**What to work on**
In the listing below, locate the line with "10/1/2019에 Will T.님이 El Rancho Hotel에서 찍은 사진" and the line with "食彩マーケット会議による豚汁", then output both and everything between them exactly, minus any pictures.

**Records for the task**
◇ ◇ ◇ ◇
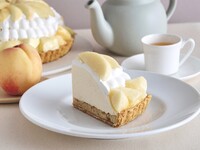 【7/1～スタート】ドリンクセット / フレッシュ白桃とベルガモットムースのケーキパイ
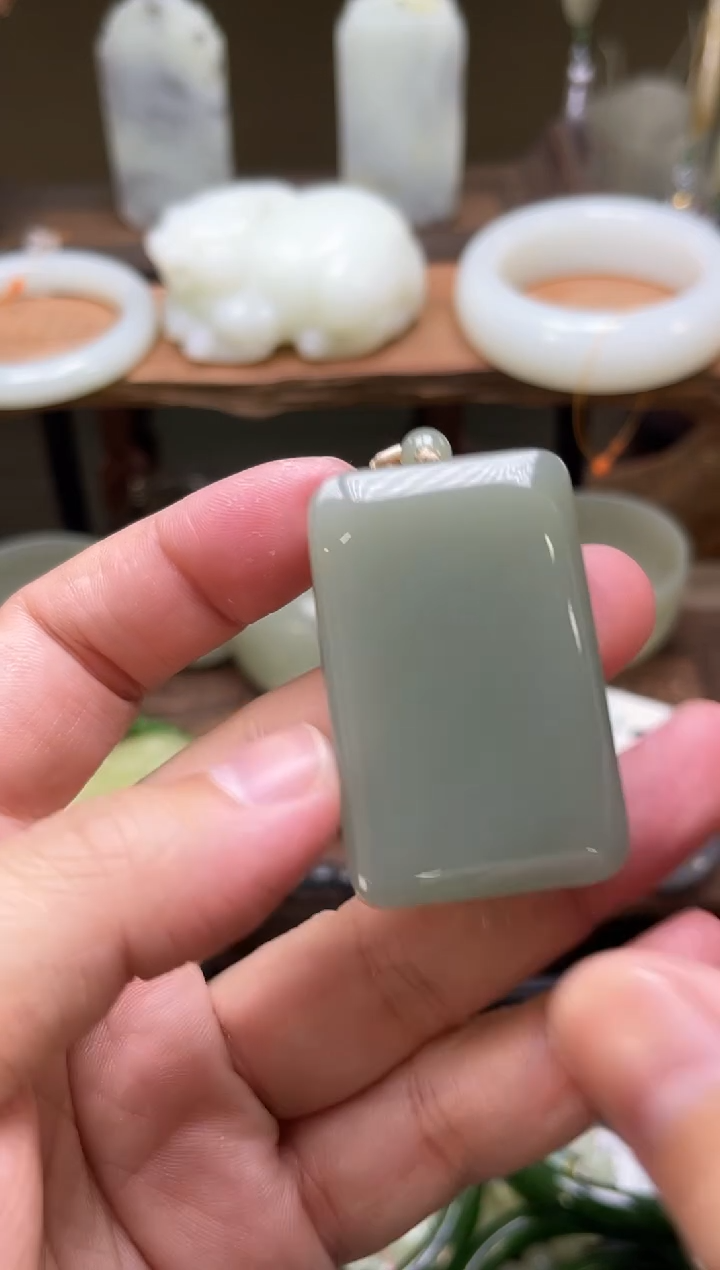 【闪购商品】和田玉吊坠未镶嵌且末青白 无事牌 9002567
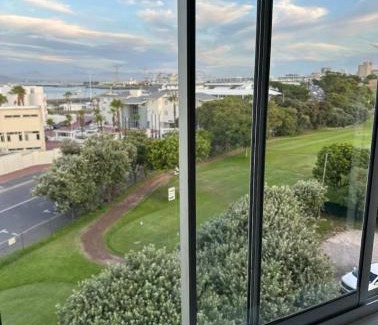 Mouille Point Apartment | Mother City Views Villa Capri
◇ ◇ ◇ ◇
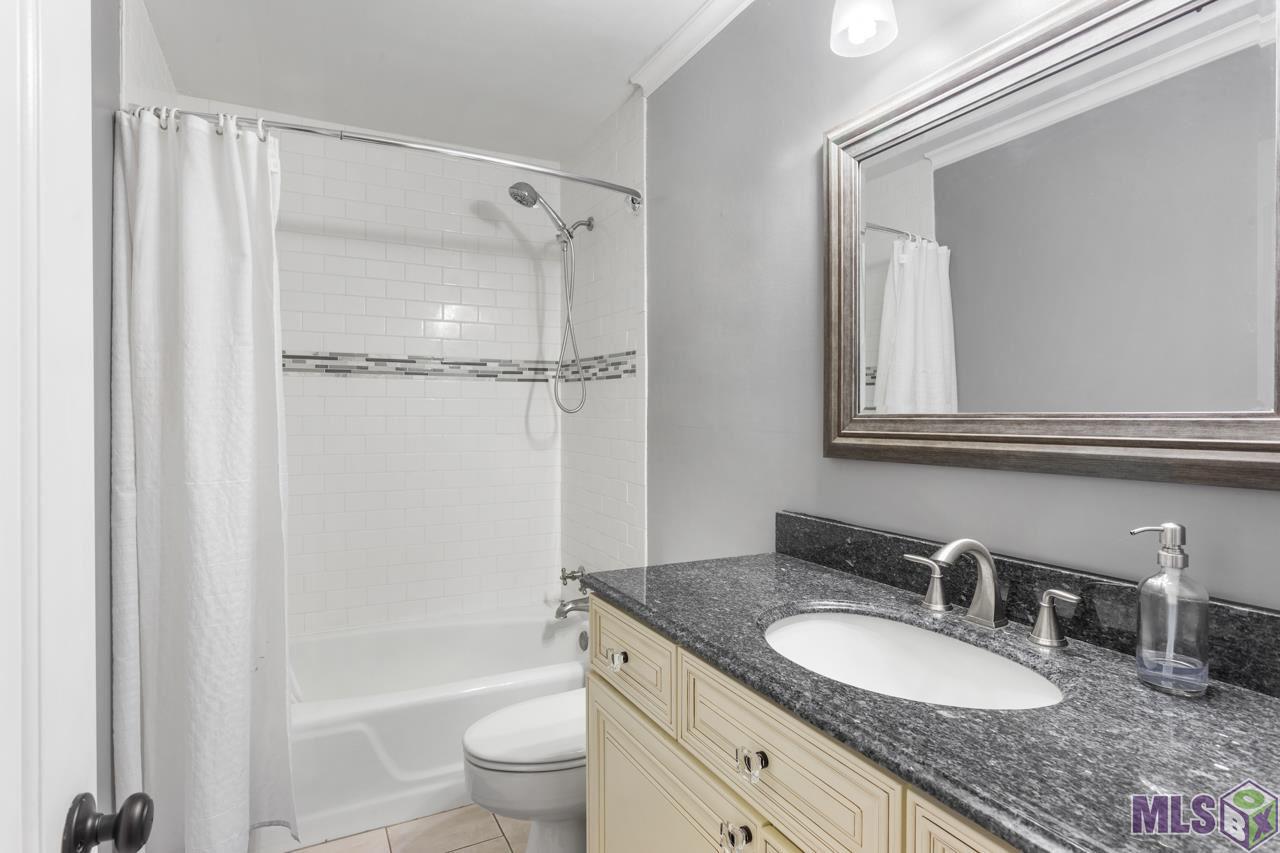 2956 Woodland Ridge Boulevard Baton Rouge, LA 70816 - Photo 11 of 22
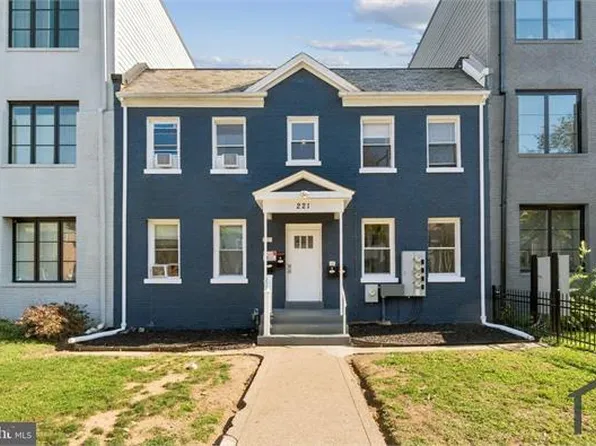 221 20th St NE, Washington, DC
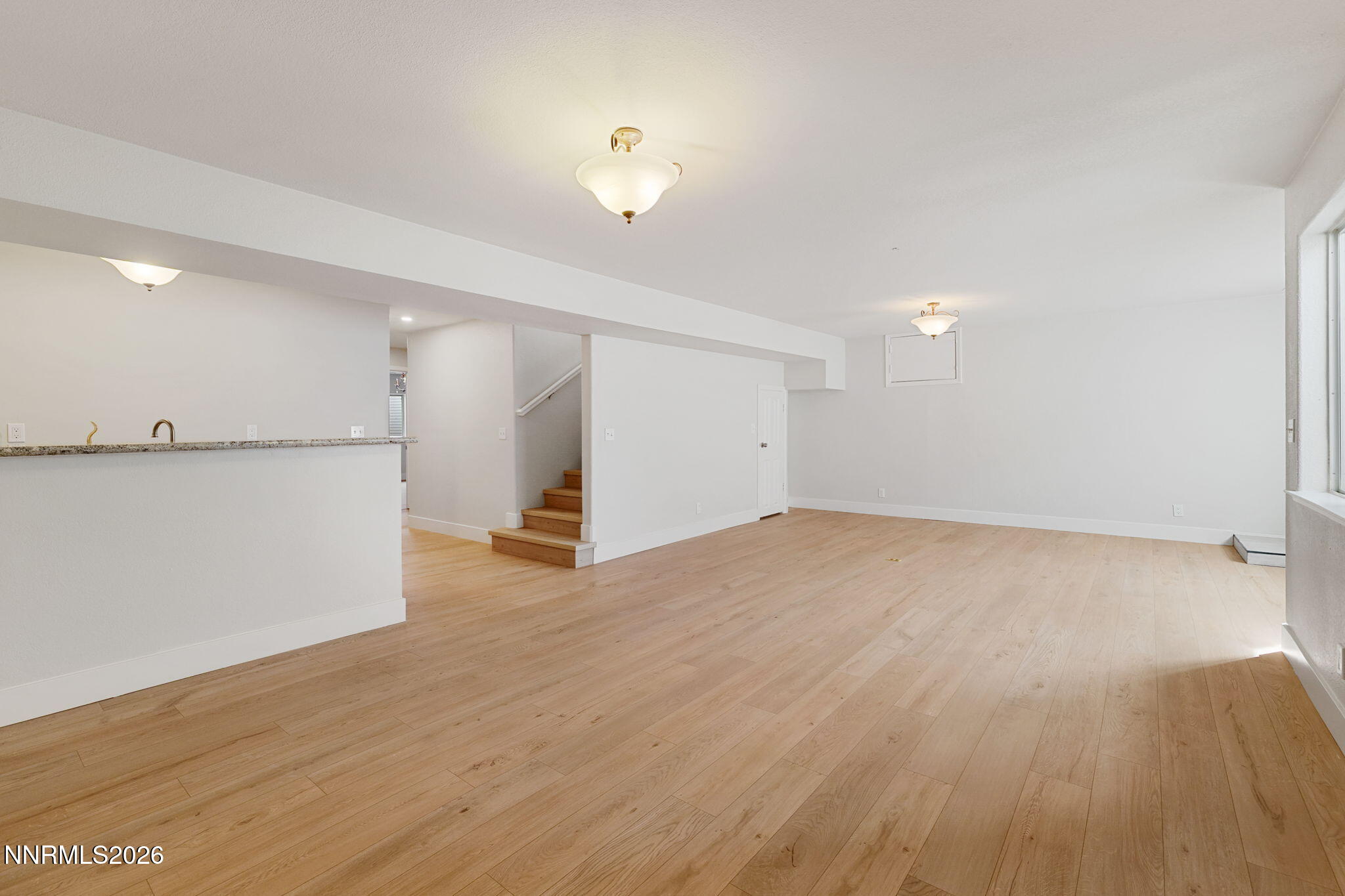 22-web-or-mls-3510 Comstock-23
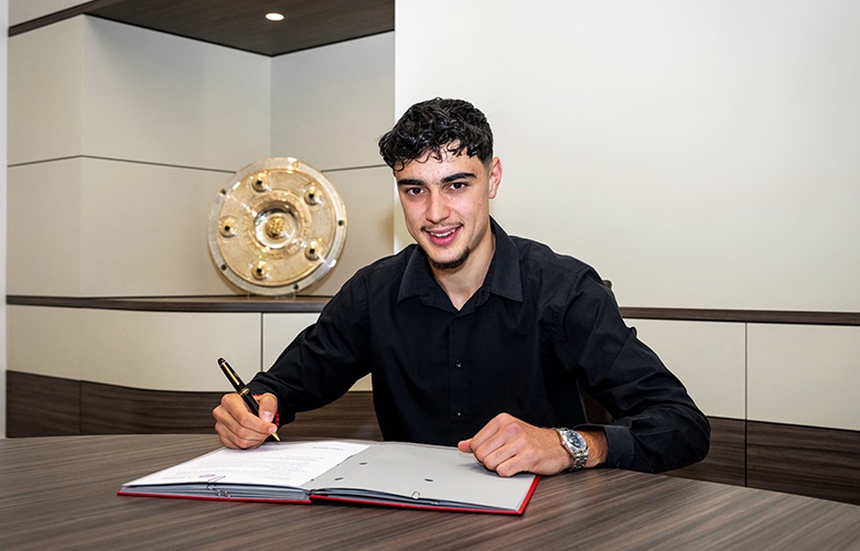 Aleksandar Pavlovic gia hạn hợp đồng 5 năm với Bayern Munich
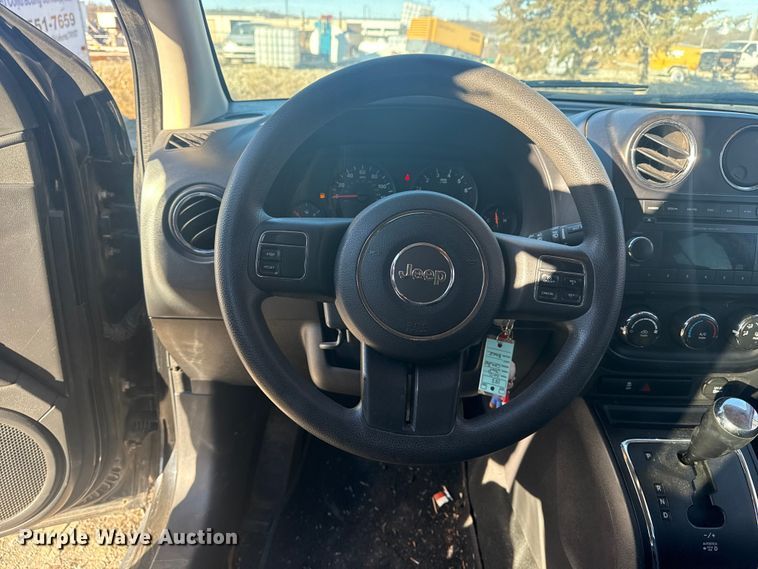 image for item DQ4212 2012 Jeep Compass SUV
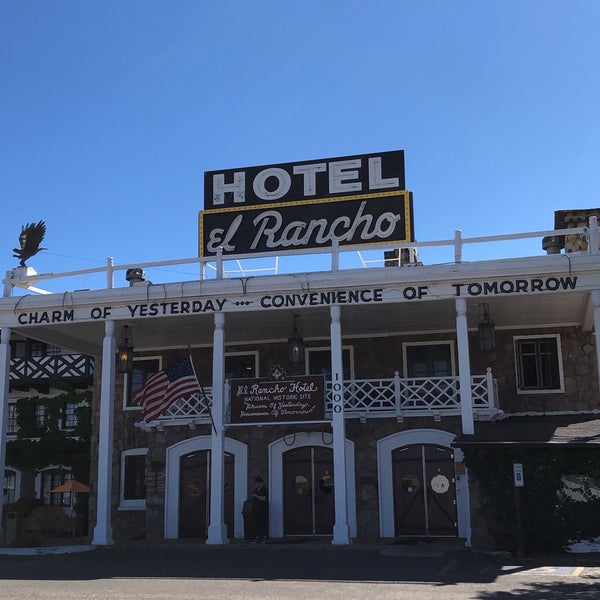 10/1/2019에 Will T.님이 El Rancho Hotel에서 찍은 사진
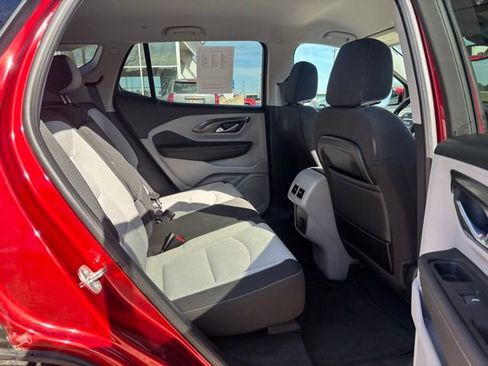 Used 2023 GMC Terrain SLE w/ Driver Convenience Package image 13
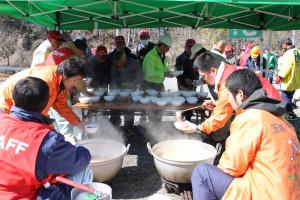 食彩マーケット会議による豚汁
◇ ◇ ◇ ◇
**Result for this exercise**
 10/1/2019에 Will T.님이 El Rancho Hotel에서 찍은 사진
 Used 2023 GMC Terrain SLE w/ Driver Convenience Package image 13
 食彩マーケット会議による豚汁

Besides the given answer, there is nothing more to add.